Il ministro Matteo Piantedosi ha annunciato che farà ricorso anche contro i nuovi decreti della Apostolico, ma la partita sarà diversa. Perché nei quattro decreti di ieri - uguali tra loro - la giudice entra nel dettaglio, si appoggia su una lunga serie di direttive europee e solo alla fine giunge alla conclusione: trattenimento immotivato, tutti fuori.

La Apostolico in realtà sa di avere un problema anche con le direttive comunitarie, perché una di esse dice testualmente che il richiedente può essere trattenuto «se non siano applicabili efficacemente misure alternative meno coercitive», e proprio su questo si è basato il questore di Ragusa per trattenere i quattro, ritenendo che se fossero stati liberati sarebbero spariti. Per la Apostolico non poteva esserci questa certezza: «Non può esserci collegamento automatico tra la mancanza di documenti e di risorse economiche e l'intento di rendersi irreperibile e sottrarsi agli effetti dell'eventuale rigetto della domanda», scrive nei decreti.

Anche su questo punto si incentreranno i nuovi ricorsi annunciati da Piantedosi. Nel suo carniere l'avvocatura dello Stato ha anche i profili dei quattro tunisini, stilati al momento della loro domanda di «protezione internazionale», e che dipingono situazioni di provenienza meno drammatiche di come le vorrebbe invece la legge per concedere la protezione: soprattutto se i richiedenti arrivano da un paese classificato «sicuro» come la Tunisia (una definizione che, a differenza di quanto ha fatto nei giorni scorsi il tribunale di Firenze, la Apostolico non ha messo in discussione né nei primi decreti né nei quattro di ieri).

Tra le circostanze che metterebbero a rischio la sua vita in Tunisia il primo richiedente indica «problemi familiari», scaturiti dal suo dissenso nei confronti della madre che ha deciso di sposarsi; il secondo cita difficoltà economiche, scaturite dalla impossibilità di pagare un vecchio debito, che renderebbero impossibile mantenere la famiglia; anche nel terzo caso la necessità di lasciare la Tunisia viene spiegata dal profugo con guai familiari, ossia con le minacce ricevute da un tale che voleva sposare sua sorella; guai di casa anche per il quarto, che denuncia di avere problemi con alcuni cugini dovuti a questioni di lavoro.

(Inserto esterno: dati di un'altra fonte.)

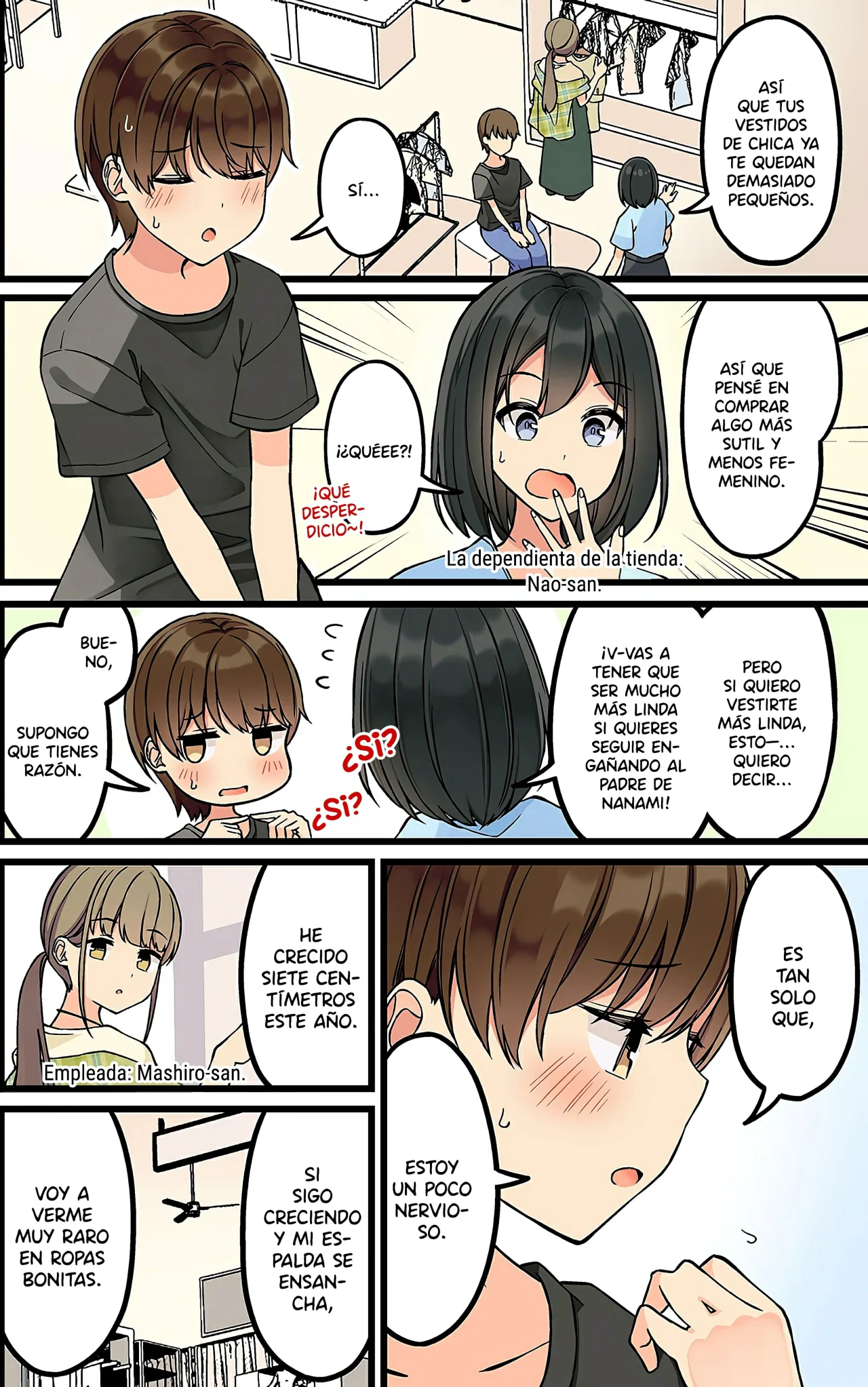 Saliendo Con Una Chica Gamer Capítulo 157 - Page 4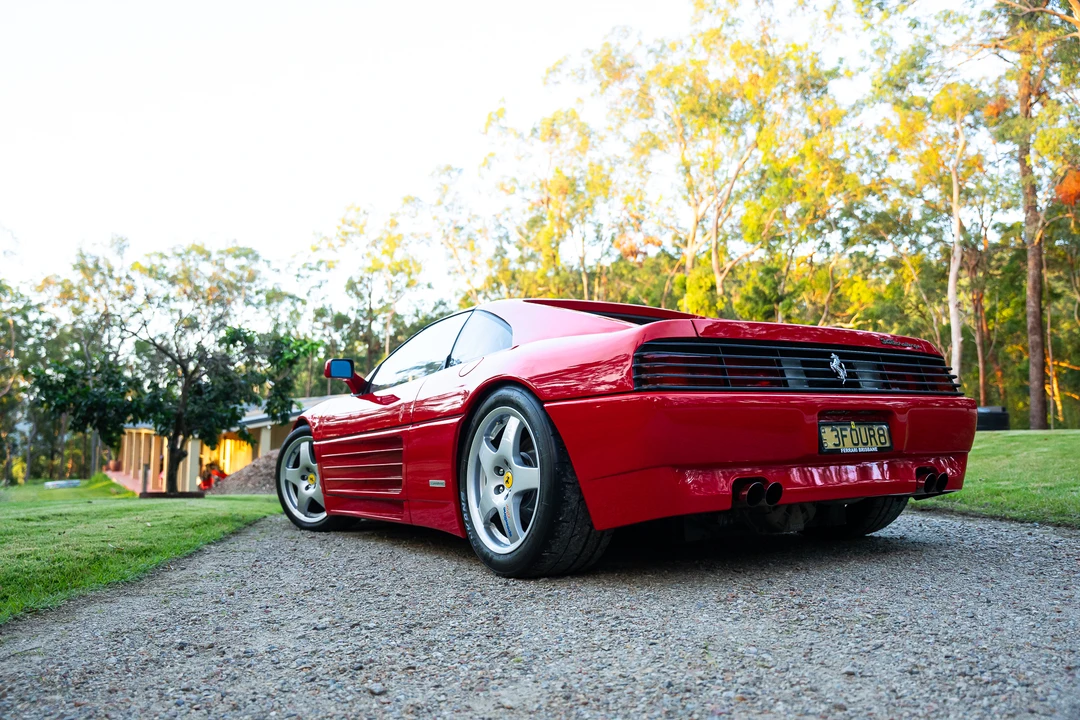 1991 Ferrari 348 ts - Image 30 of 31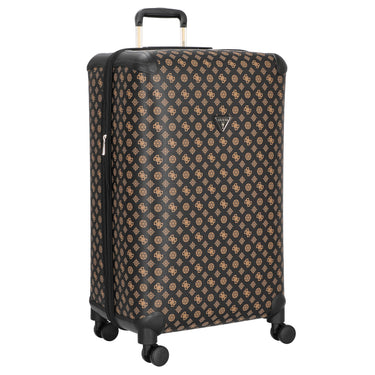 Guess Wilder 28 IN - 4 - Rollen - Trolley 77 cm erw. (brown) - Markenkoffer
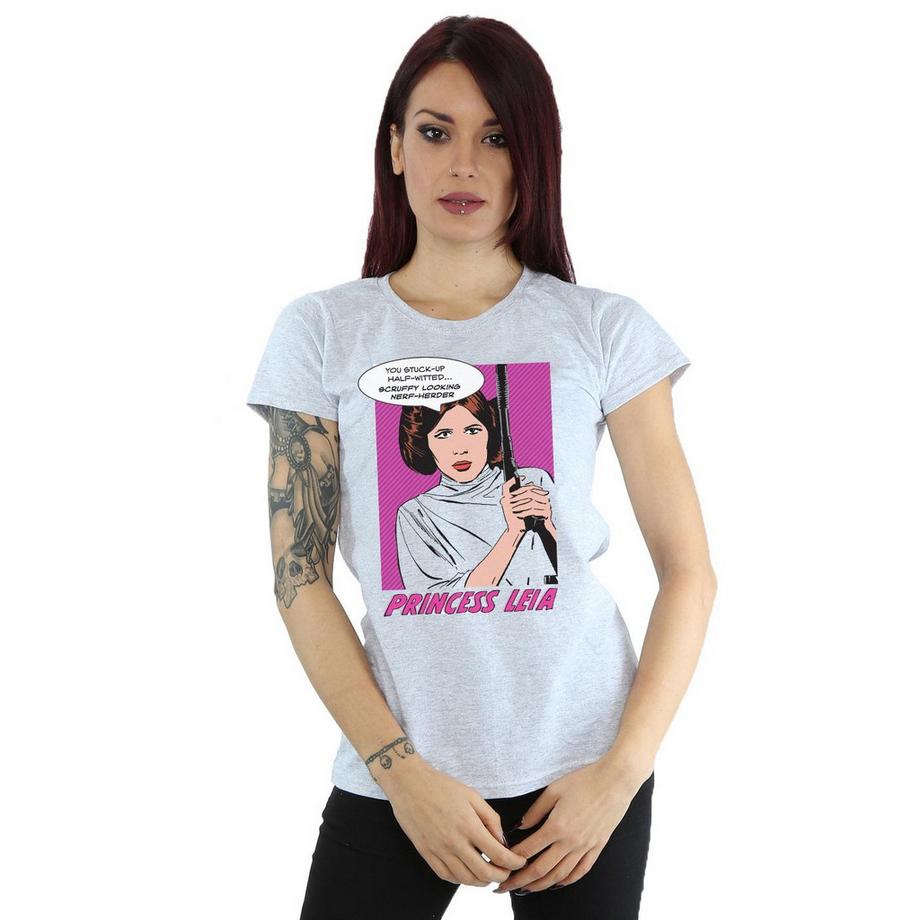 STAR WARS Star Wars Prinzessin Leia Pop Art T-Shirt  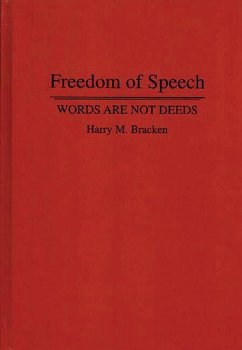 Freedom of Speech (eBook, PDF) - Bracken, Harry M.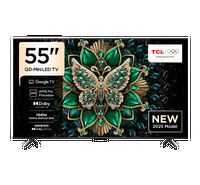 TCL, 55 Inch, Mini LED 4K Smart TV, HDMI…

Si tratta, secondo il ministero, di problematiche comuni nella vita di molte persone, e che non giustificano in alcun modo la richiesta di protezione internazionale, soprattutto da parte di cittadini di un paese ritenuto sicuro. Ma la Apostolico non devia da quella che è ormai la linea dell'intero tribunale di Catania e di altri tribunali, per effetto di quella che ieri il presidente del Senato Ignazio La Russa definisce «contaminazione culturale». Il provvedimento della Apostolico era «abnorme», dice La Russa, e «se un magistrato sbaglia non può essere esente da critiche».

Quanto al video che ritrae la giudice in prima fila in un corteo antigovernativo, diffuso tra mille polemiche, La Russa non ha dubbi: «Salvini trova un filmato in cui la signora è vicina a quelli che gridano poliziotti assassini. Perché non doveva tirarlo fuori?».